The MBA’s proposal to reform Fannie Mae and Freddie Mac aims to ensure that crashes like the one in 2007-2008 never happen again, in part by raising the minimum capital balance GSEs have to maintain to a level at least as high as banks and other lenders.
“They have a capital standard that is absurd,” Stevens said. “Pre-conservatorship they had to have less than 0.5 percent capital. Banks are required to maintain 4 percent of their loan value against mortgages. That’s a regulated standard. Fannie and Freddie are not as diversified as banks are. Our view is to make sure they are sustainable; they should at least a 4 to 5 percent buffer to protect them against failure.”
To put that into context, a 3.5 percent buffer would have been just large enough for the GSEs to weather the last housing crash without the need for a taxpayer-funded bailout.

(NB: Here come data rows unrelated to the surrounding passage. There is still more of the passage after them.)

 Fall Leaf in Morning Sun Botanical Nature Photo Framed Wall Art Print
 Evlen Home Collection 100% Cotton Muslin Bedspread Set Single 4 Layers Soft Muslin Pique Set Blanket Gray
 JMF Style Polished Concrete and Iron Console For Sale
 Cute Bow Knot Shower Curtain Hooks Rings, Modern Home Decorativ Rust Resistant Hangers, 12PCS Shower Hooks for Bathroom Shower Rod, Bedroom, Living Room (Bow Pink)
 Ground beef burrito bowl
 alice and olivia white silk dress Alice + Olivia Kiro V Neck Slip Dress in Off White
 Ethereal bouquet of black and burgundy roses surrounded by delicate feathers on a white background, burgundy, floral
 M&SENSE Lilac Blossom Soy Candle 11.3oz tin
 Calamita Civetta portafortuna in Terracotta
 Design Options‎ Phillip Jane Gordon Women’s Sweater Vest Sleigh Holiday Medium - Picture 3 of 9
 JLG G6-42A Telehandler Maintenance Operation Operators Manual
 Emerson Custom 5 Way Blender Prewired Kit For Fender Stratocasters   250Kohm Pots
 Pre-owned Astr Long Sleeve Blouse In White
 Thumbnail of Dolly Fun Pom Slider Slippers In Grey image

Stevens said the MBA would go even further.
“They should also pay a fee for every loan that goes into an insurance fund in the event all else fails,” he said. “In the event of a catastrophic failure, that would be the last barrier before having to rely on taxpayers. Keep in mind: for years, shareholders made billions and when they failed taxpayers took 100 percent of the losses.”
Stevens said the MBA would like to see more competition in the secondary market, and that the current duopoly isn’t much better than a monopoly.
“There should be more competitors,” he said. “If either one [Fannie or Freddie] fails, you almost have to bail them out. Our goal is to have a highly regulated industry to support the American finance system without using the portfolio to make bets on the marketplace.”
A Bipartisan Issue
While some conservatives like Chairman of the House Financial Services Committee Rep. Jeb Hensarling (R-Texas) have called for getting the government out of the mortgage business altogether, Stevens said that would likely mean the end of the 30-year, fixed-rate mortgage.
Furthermore, GSEs are required to serve underserved communities. Private companies would be more likely to back the most profitable loans.
“The GSEs play a really important role in counter-cyclical markets,” Stevens said. “When credit conditions shift, private money disappears. We saw that in 2007. It put extraordinary demands on Fannie Mae, Freddie Mac and Ginnie Mae. You need a continuous flow of capital. You can put controls in place so it can expand and contract when needed.”
Reiss said getting the government out of the mortgage business would certainly mean some big changes.
“I think there is some evidence that some 30-year, fixed-rate mortgages could still exist,” Reiss said. “It would dramatically change their availability, though. Interest rates would go up somewhere between one-half and 1 percent. Some people might like that because it reflects the actual risk of a residential mortgage, but it would also make housing more expensive.”